Your goal
Please leave out pictures and print exactly the lines from the one that has "Casanova 2 Daire Napoli Dış mekan fotoğraf" through the last line of the material below.

Material for the task
++++++

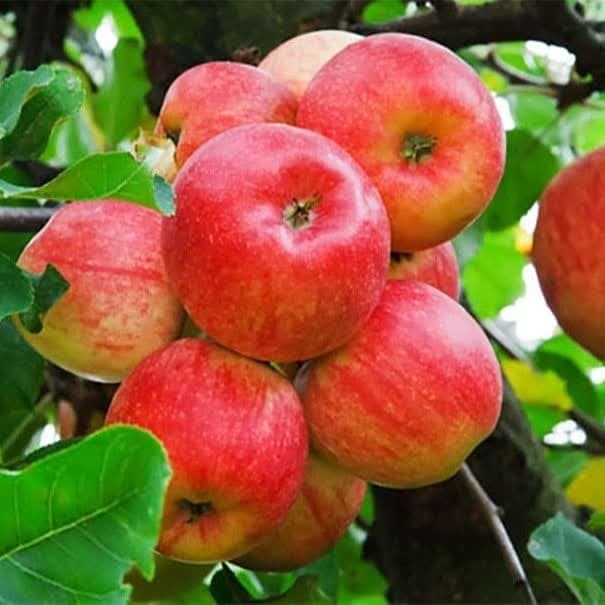 پیش بینی برداشت ۴۰ هزار تن سیب تابستانه در آذربایجان غربی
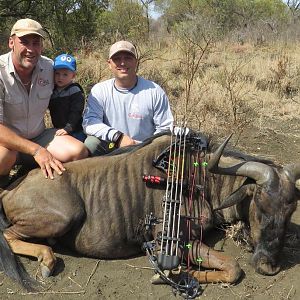 Bow Hunting Blue Wildebeest in South Africa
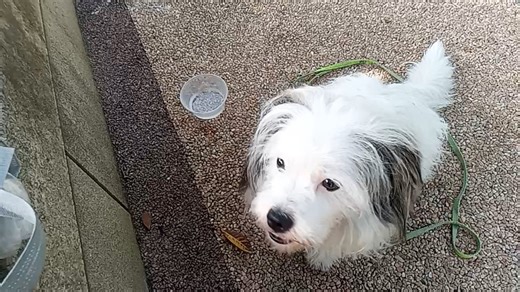 帕恰狗狗嗨皮：开始学飞镖衔回啦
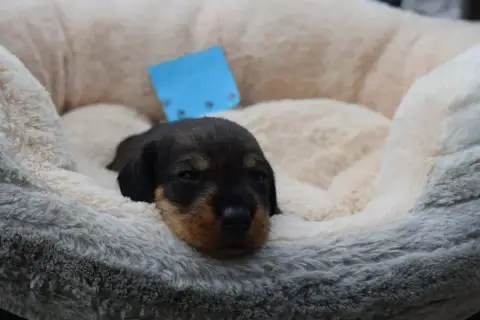 Teckel Poil Dur  Chiot N°1 Du Domaine Du Brame photo 2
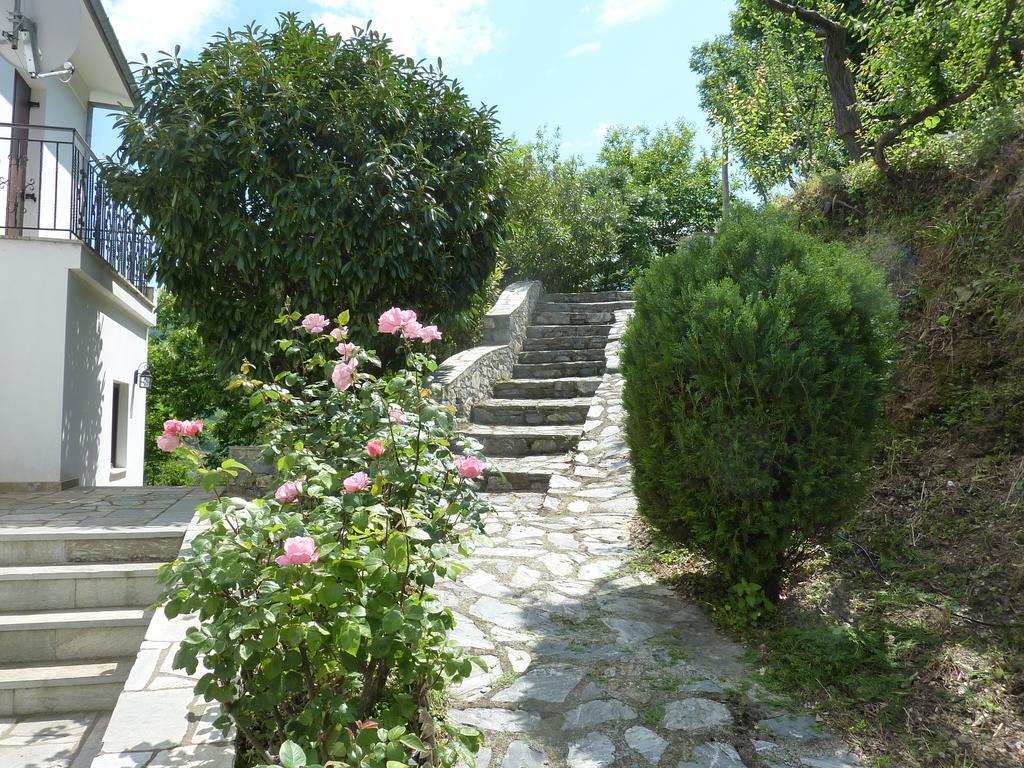 Villa Thea Makrirrákhi Zewnętrze zdjęcie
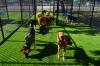 Photo for Love My Dog Resort & Playground-Downtown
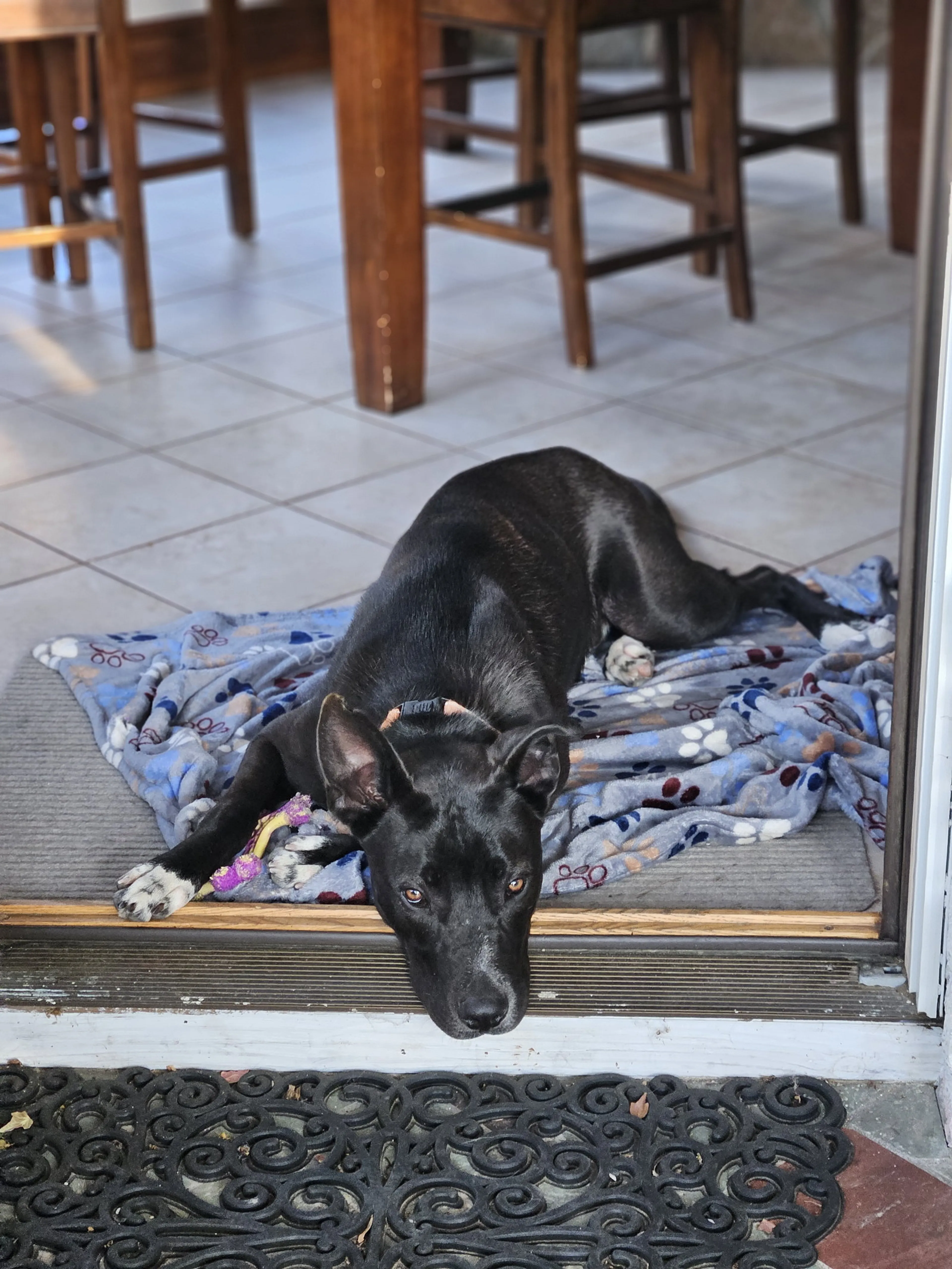 Found pet-5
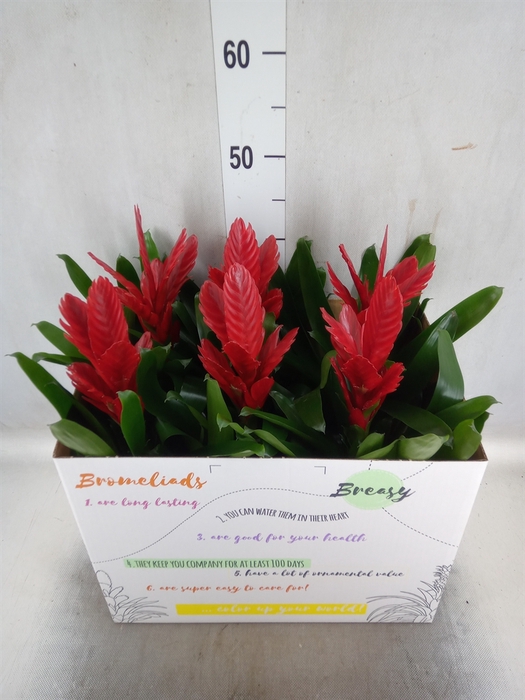 Vriesea  'Intenso Red'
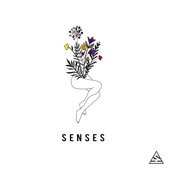 Senses artwork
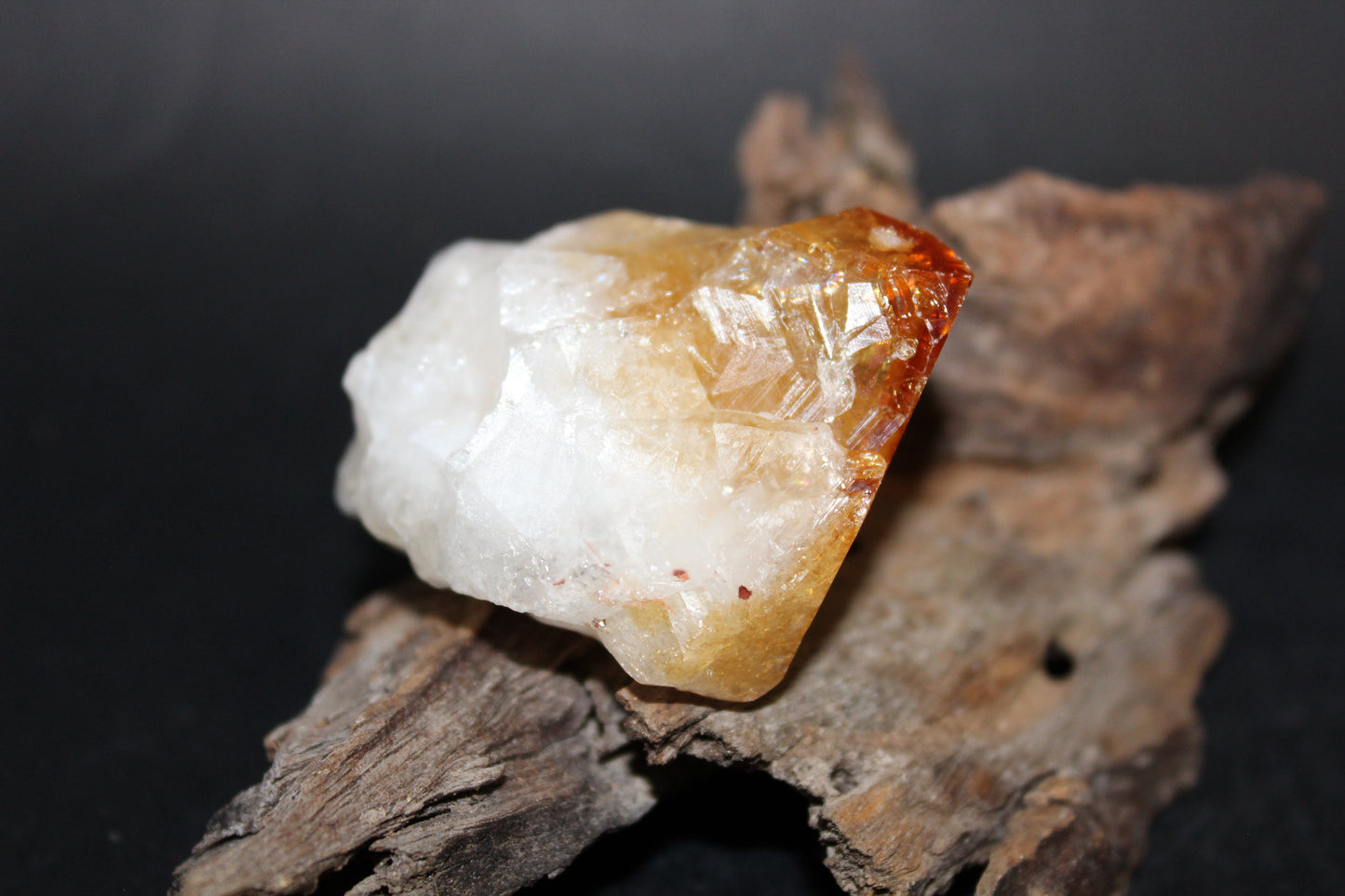 Point - Citrine (tooth) - lge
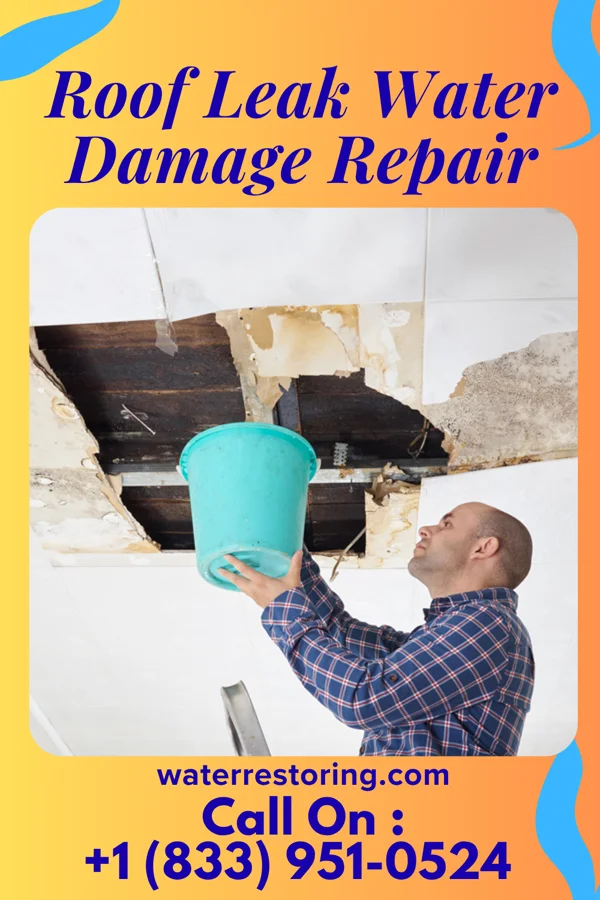 Roof Leak Water Damage Repair in Bloomfield, KY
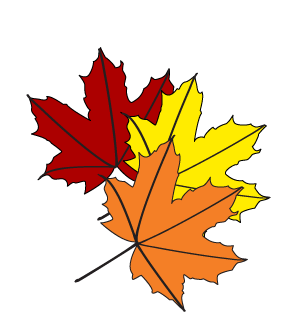 How to draw a Fall Leaf step 4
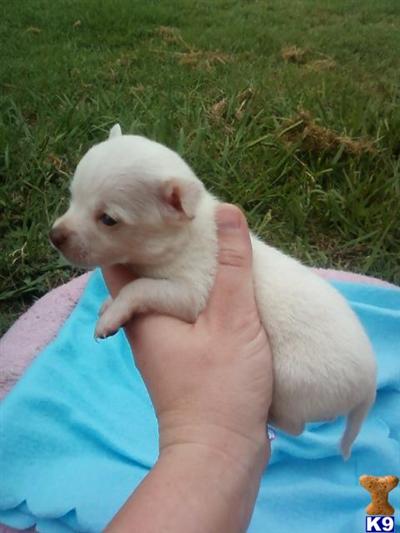 Puppies in Azle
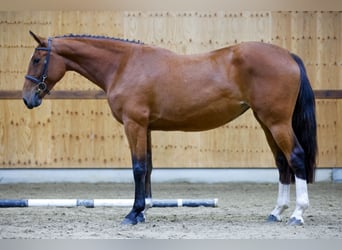 Zangersheide, Merrie, 3 Jaar, 164 cm, Bruin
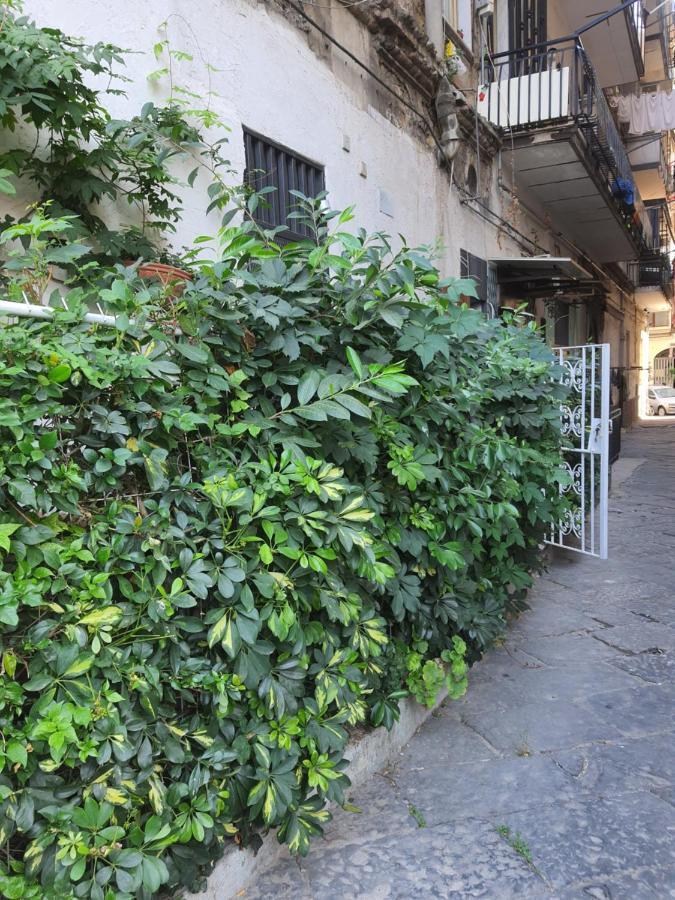 Casanova 2 Daire Napoli Dış mekan fotoğraf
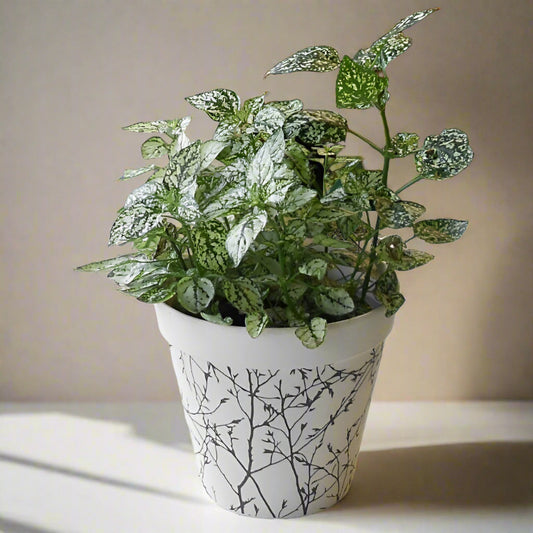 Hypoestes Phyllostachya White (White Polka Dot Plant) - Plant and Bamboo Pot | Small Indoor Plants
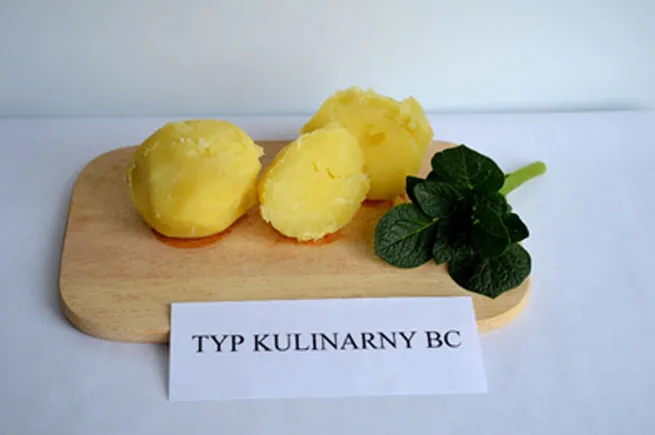 Rodzaje ziemniak&oacute;w kulinarnych typ A B C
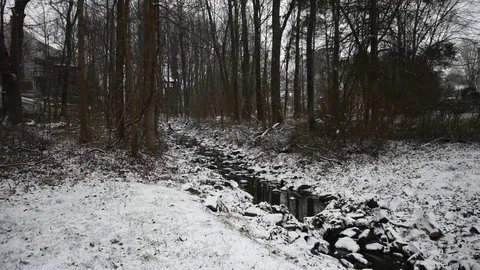 Snowy Forest Stock Footage 73829522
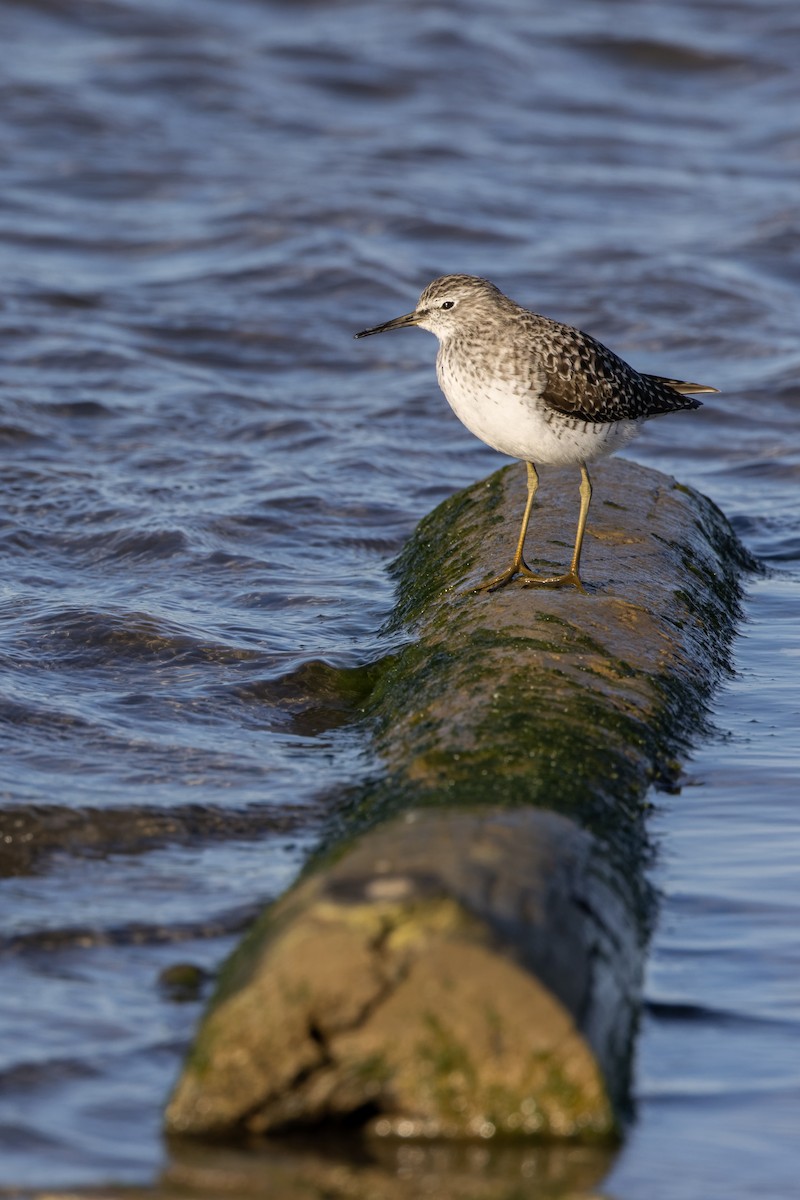 Wood Sandpiper - ML558980411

++++++

Output of the task
 Casanova 2 Daire Napoli Dış mekan fotoğraf
 Hypoestes Phyllostachya White (White Polka Dot Plant) - Plant and Bamboo Pot | Small Indoor Plants
 Rodzaje ziemniak&oacute;w kulinarnych typ A B C
 Snowy Forest Stock Footage 73829522
 Wood Sandpiper - ML558980411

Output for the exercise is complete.